Je souris à Léo. L’idée est assez classique, mais je ne veux pas le vexer. Son enthousiasme me gagne, je me dis que si ça lui plaît, ça plairait peut-être aussi à certains clients.
– Cependant, j’ajoute, il va falloir quand même trouver qu’en faire de toutes ces boules de Noël.
– Les gens vont les garder, pardi !
– Je ne sais pas. Ce serait bien si l’on pouvait leur proposer d’en faire autre chose, ou de laisser leur création ici pour personnaliser le café, dis-je tout en réfléchissant. Ils pourraient décorer leur boule de Noël en représentant leur souhait le plus cher. On les suspendrait toutes sur le mur en bois là bas avec des jolies punaises …
Je prends un voix plus douce et je mets le ton pour raconter la suite.
– Et on leur racontera que le renne magique du Père-Noël, un renne blanc qui ne peut pas vivre à la lumière du jour et dont presque personne n’a entendu parler, viendra souffler sur leurs vœux pour qu’ils se réalisent.
Niels surgit derrière le comptoir, une tasse à la main.
– Nous leur raconteront qu’un soir d’hiver, il faisait tellement froid que la glace a gelé le sol tout entier et a commencé a s’attacher aux pattes du pauvre petit renne blanc. Epuisé et affamé, il s’était écroulé à l’arrière du café. L’équipe du Repaire a recueilli ce petit renne en détresse, l’a nourri et l’a soigné afin qu’il puisse retrouver le Père-Noël juste à temps pour le soir le plus important de l’année. Depuis, pour nous remercier, chaque année à cette date, il revient pour exhausser l’un de nos vœux le plus cher.
J’avale ma salive, captivée par la voix feutrée qui déroule la suite de l’histoire. Quand il se tait, un frisson me parcourt. Niels sort du personnage de conteur et laisse échapper un rire rauque qui résonne dans l’air.
– C’est audacieux, Livia, mais ça pourrait marcher, dit-il posément, sans même me regarder.
Je lève les yeux vers lui, étonnée.
Niels hausse les épaules et lance, presque pour lui-même.
– Les gens aiment sentir qu’ils font partie de quelque chose. Vous pourriez même en faire une tradition annuelle.
Son regard croise brièvement le mien avant qu’il ne retourne dans la cuisine.
– Si tu te poses la question, il est toujours aussi énigmatique, plaisante Léo.
Je secoue la tête et regarde un moment en direction de la cuisine. Je ne décèle aucun bruit.
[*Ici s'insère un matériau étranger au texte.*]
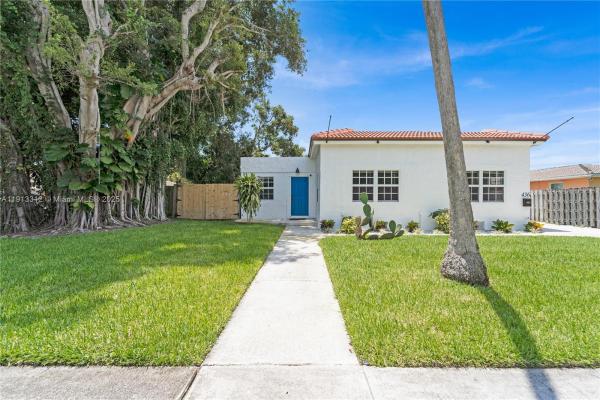 Kelsey City, 436 Evergreen Dr, Lake Park, Florida 33403, image 2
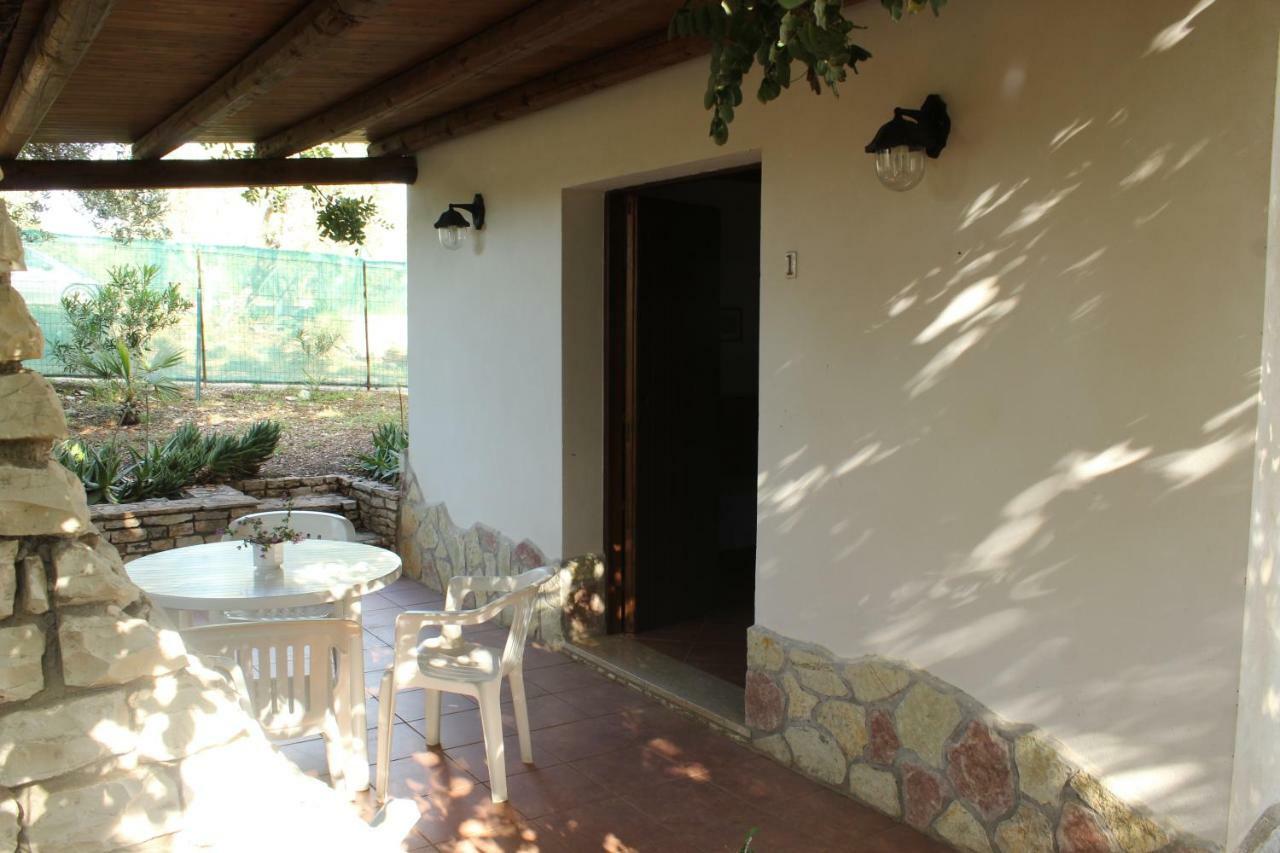 הוילה קאסטלמארה דל גולפו Rustici L'Antico Torchio מראה חיצוני תמונה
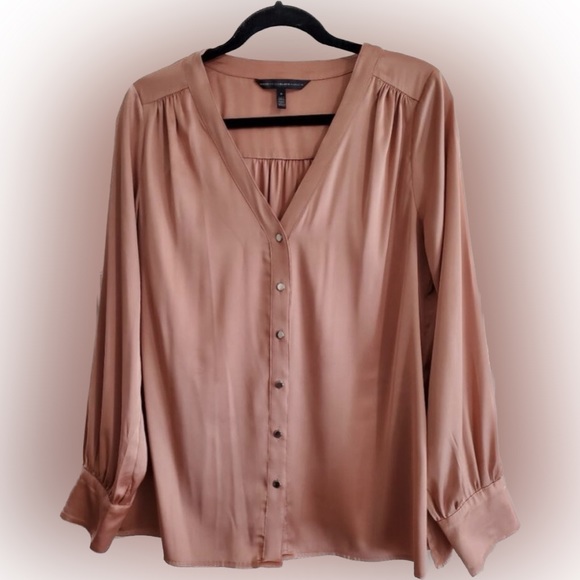 White House Black Market Coral Long Sleeve Cuff Satin Shirt in Size 8 - Picture 7 of 7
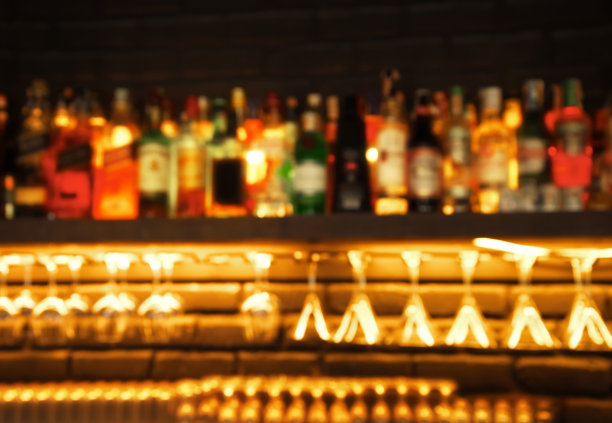 把酒吧里的酒瓶和玻璃杯弄模糊图片下载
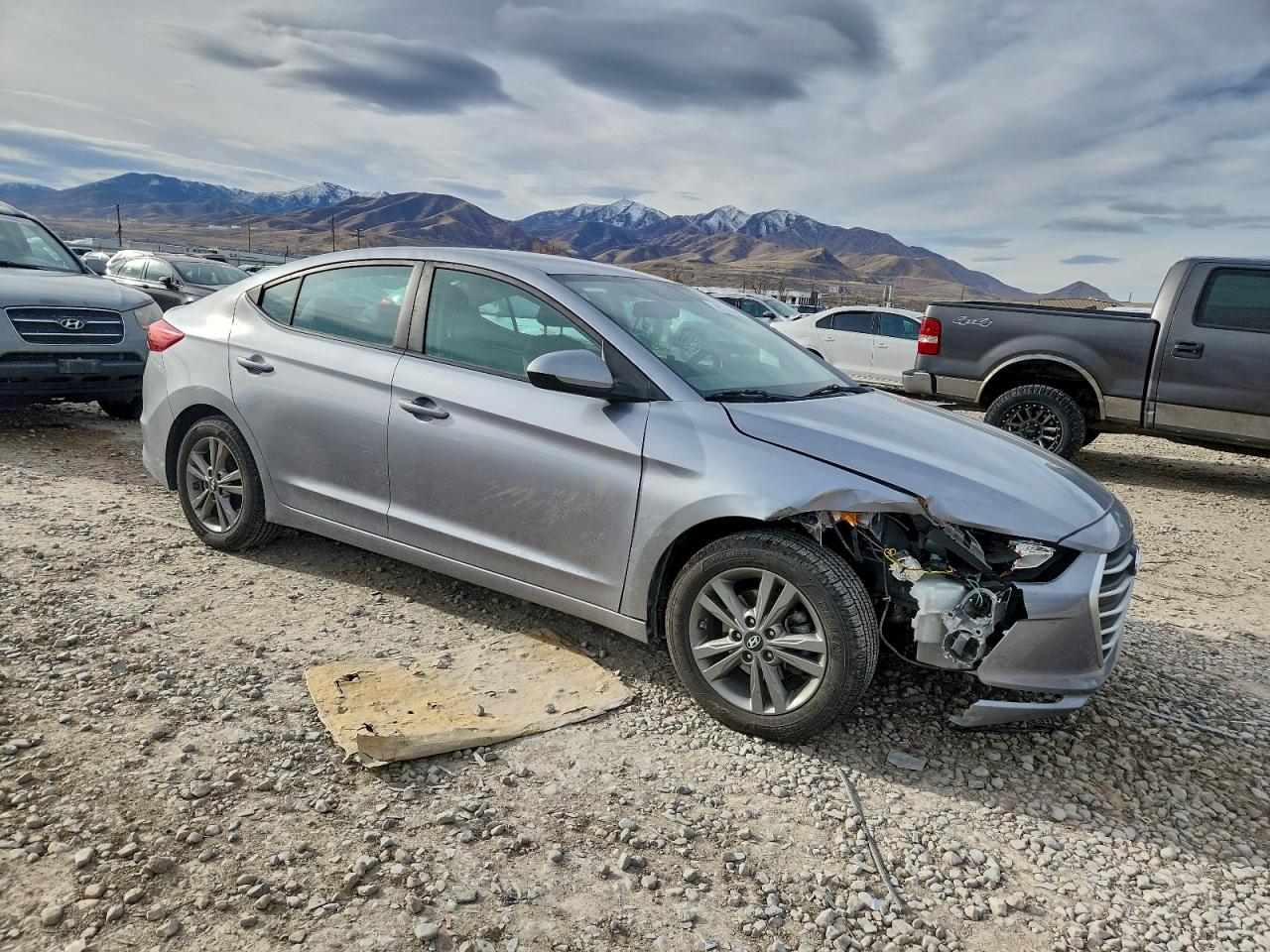 2017 HYUNDAI ELANTRA SE photo 4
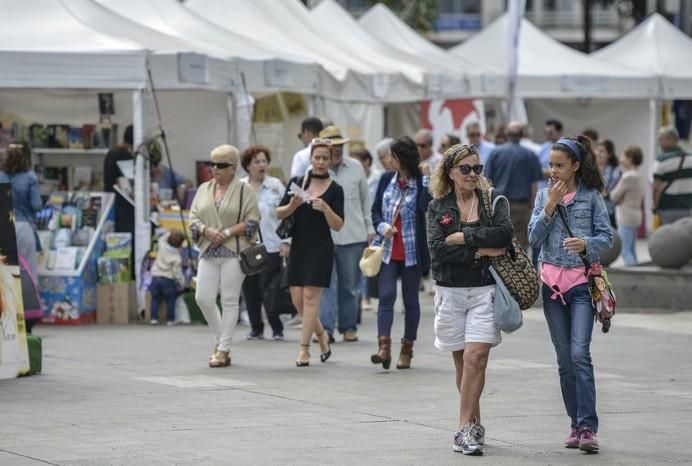 LAS PALMAS DE GRAN CANARIA A 04/0672017. Clausura de la Feria del Libro en San Telmo. FOTO: J.PÉREZ CURBELO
– Depuis combien de temps est-ce qu’il travaille ici ?
– Quelques mois. La clientèle est croissante et Franck dit que c’est le moment clé, qu’il ne faut pas perdre le rythme. Mais il travaille énormément. Il cherchait un commis pour l’aider à préparer le déjeuner et les pâtisseries.
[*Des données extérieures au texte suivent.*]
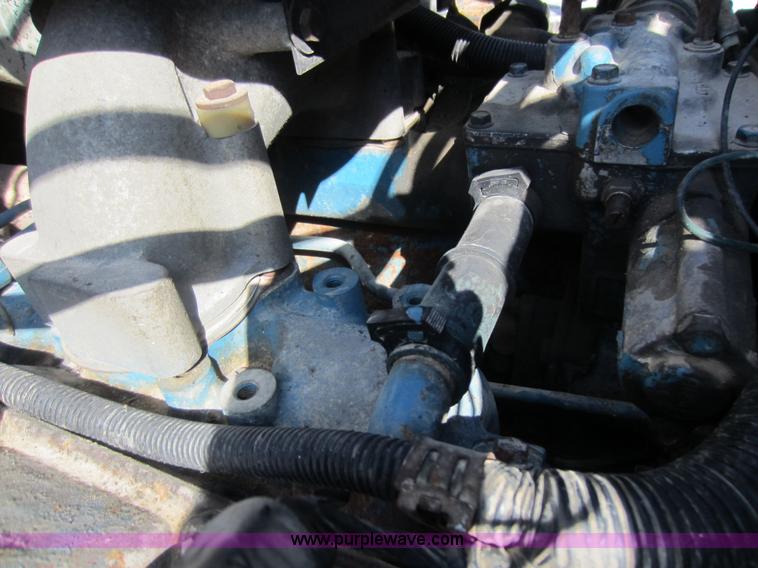 image for item D5685 1986 GMC TopKick 7000 bucket truck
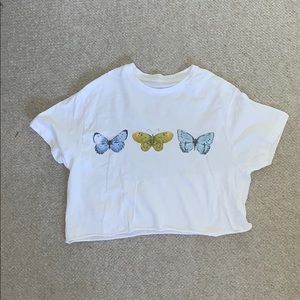 Cropped butterfly Tillys shirt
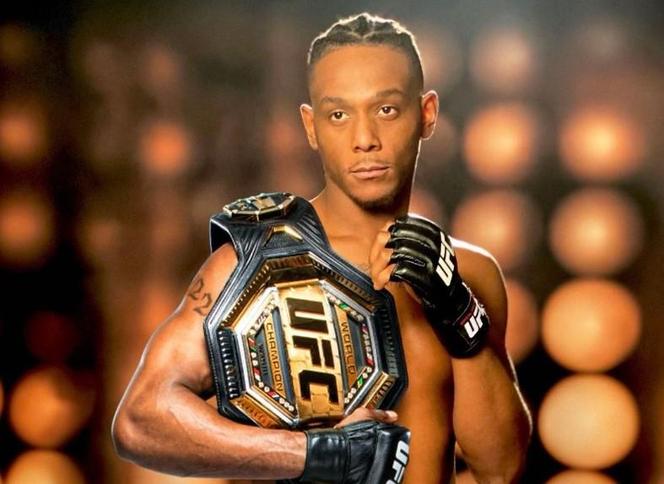 Szok! Były mistrz UFC został zatrzymany przez policję. Pobił członka rodziny? Padły paskudne zarzuty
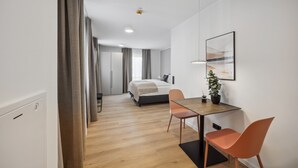 Suite with balcony | 起居區 | 平面電視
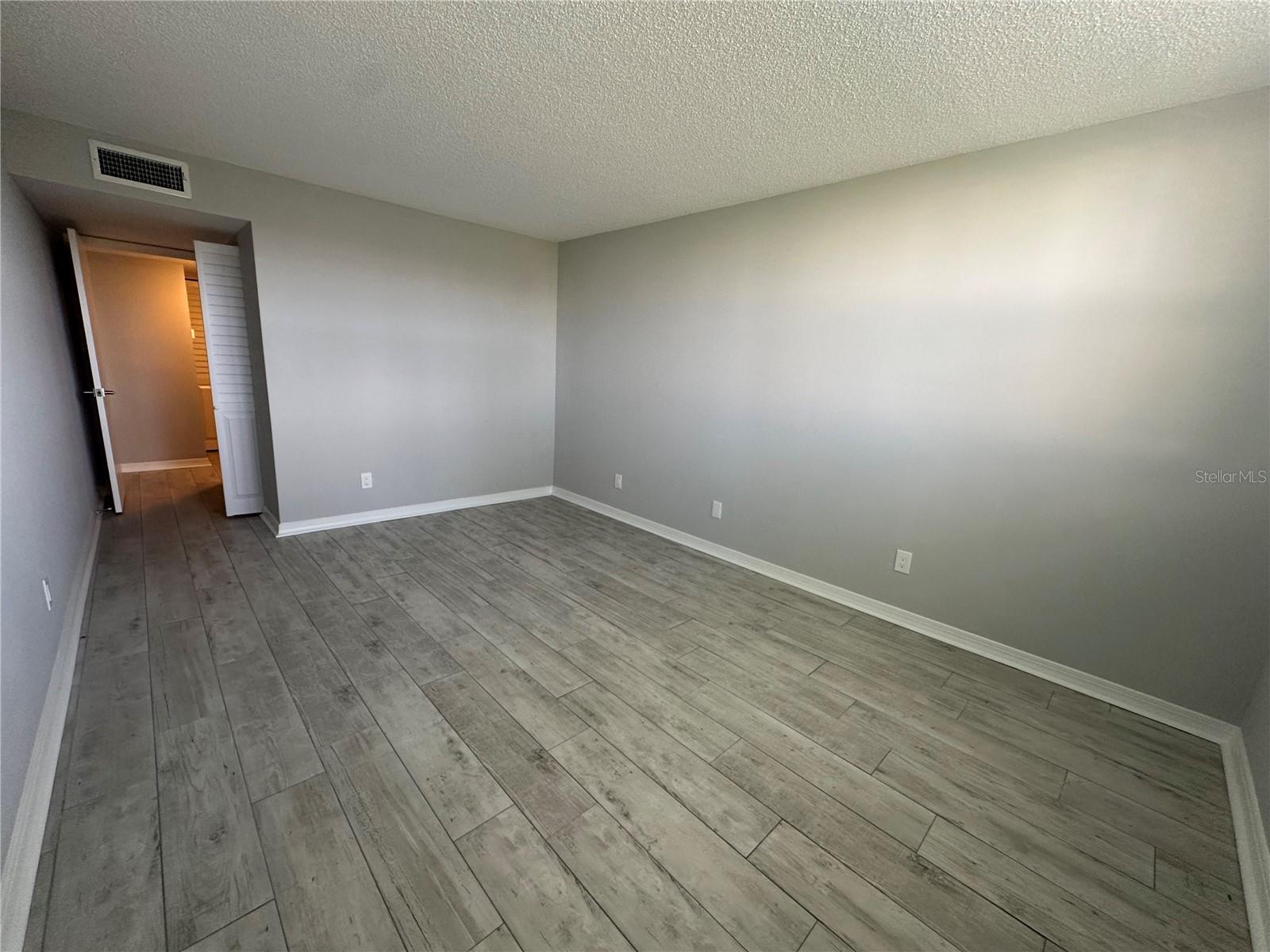 4720 LOCUST ST NE #101 — photo 18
J’ai peur d’être indiscrète, mais j’ose tout de même demander.
– Pourquoi lui ? Il ne paraît pas particulièrement …
Je regrette d’avoir commencé ma phrase et cherche mes mots.
– Sociable ? rigole Léo. C’est pas son point fort. Mais il est brillant.
– Brillant ?
– Il a gagné un prix national des jeunes pâtissiers, ou un truc du genre, il y a deux ans. Franck adore repérer ce genre de « diamants bruts ».
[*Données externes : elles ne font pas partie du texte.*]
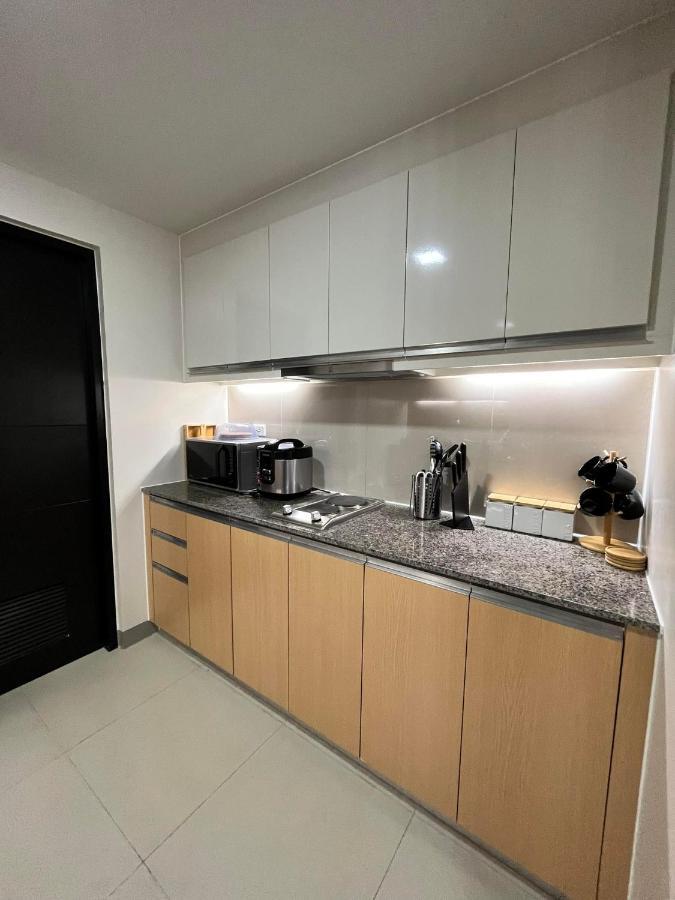 The By Eastwood Global Plaza Luxury Aparthotel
Je reste un moment silencieuse, les mains toujours posés sur la boîte contenant les morceaux de verre. Je jette un nouveau coup d’œil vers la cuisine, toujours silencieuse. Un prix de jeunes pâtissiers. Il aurait environ vingt-cinq ans tout au plus, peut-être moins.
– Qu’est-ce qu’il fait ici, alors ?
– Bonne question. Peut-être que tu devrais la lui poser.
Les deux dernières clientes viennent régler leurs consommations auprès de Léo. Je m’assois au comptoir devant la feuille manuscrite du calendrier des évènements que j’ai laissée à l’attention de Franck.
– Et Livia, relance Léo, on le fait alors cet atelier Boules de Noël ?
– Oui, on pourrait commencer dès la semaine prochaine. C’est faisable en libre-service et je pourrais être là pour aider les clients, si certains en ont besoin. Il faudra juste que j’aille faire les courses mardi dans la matinée. Je pourrais aussi peindre un grand renne blanc et y écrire le concept de l’atelier. On l’afficherait sur le mur.
Léo s’accoude au comptoir, un sourire à la fois moqueur et sérieux sur les lèvres.
– Tu sais tout faire toi. On va finir par croire que t’as des super-pouvoirs pour sauver les morceaux cassés et les rennes perdus.
Il poursuit, amusé.
– Mais ne t’inquiète pas, si quelqu’un abuse de ta gentillesse, je serai là pour te rappeler que tu dois aussi penser à toi.